** DATA EXTRACT **
────────────────
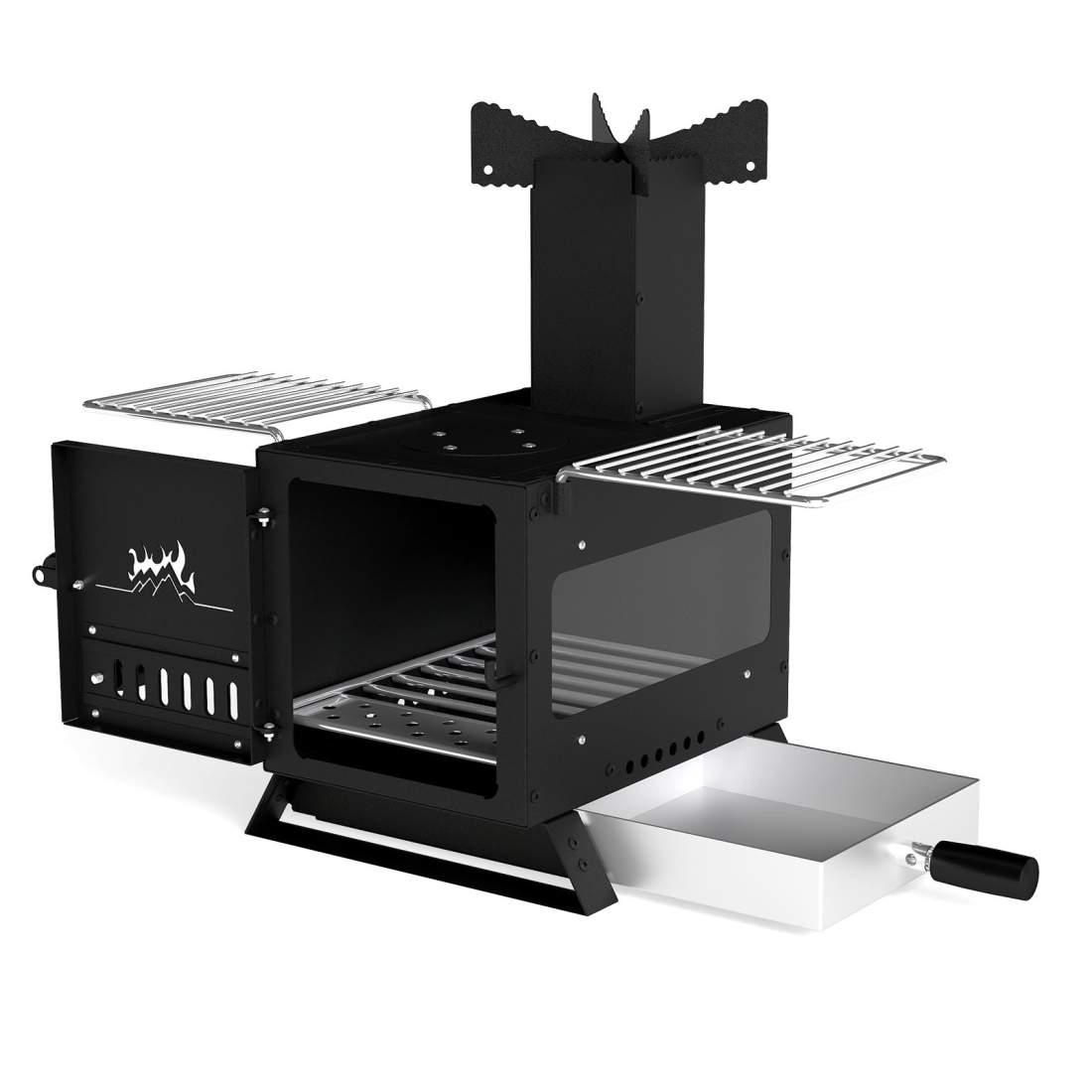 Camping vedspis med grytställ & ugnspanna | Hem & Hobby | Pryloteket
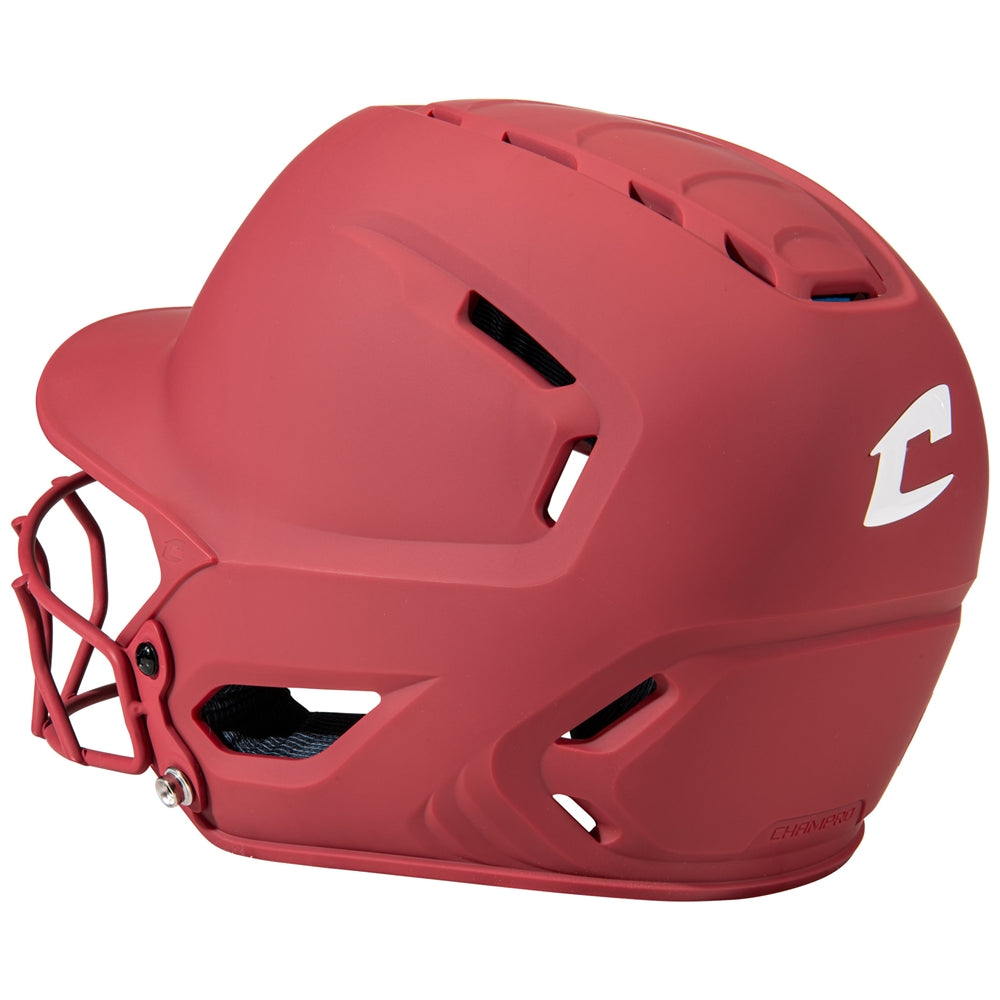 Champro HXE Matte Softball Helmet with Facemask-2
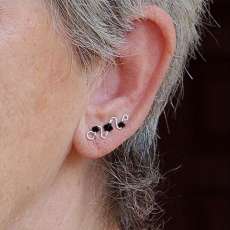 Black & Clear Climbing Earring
────────────────
Would you please copy the material exactly, leaving all the pictures out?

 Camping vedspis med grytställ & ugnspanna | Hem & Hobby | Pryloteket
 Champro HXE Matte Softball Helmet with Facemask-2
 Black & Clear Climbing Earring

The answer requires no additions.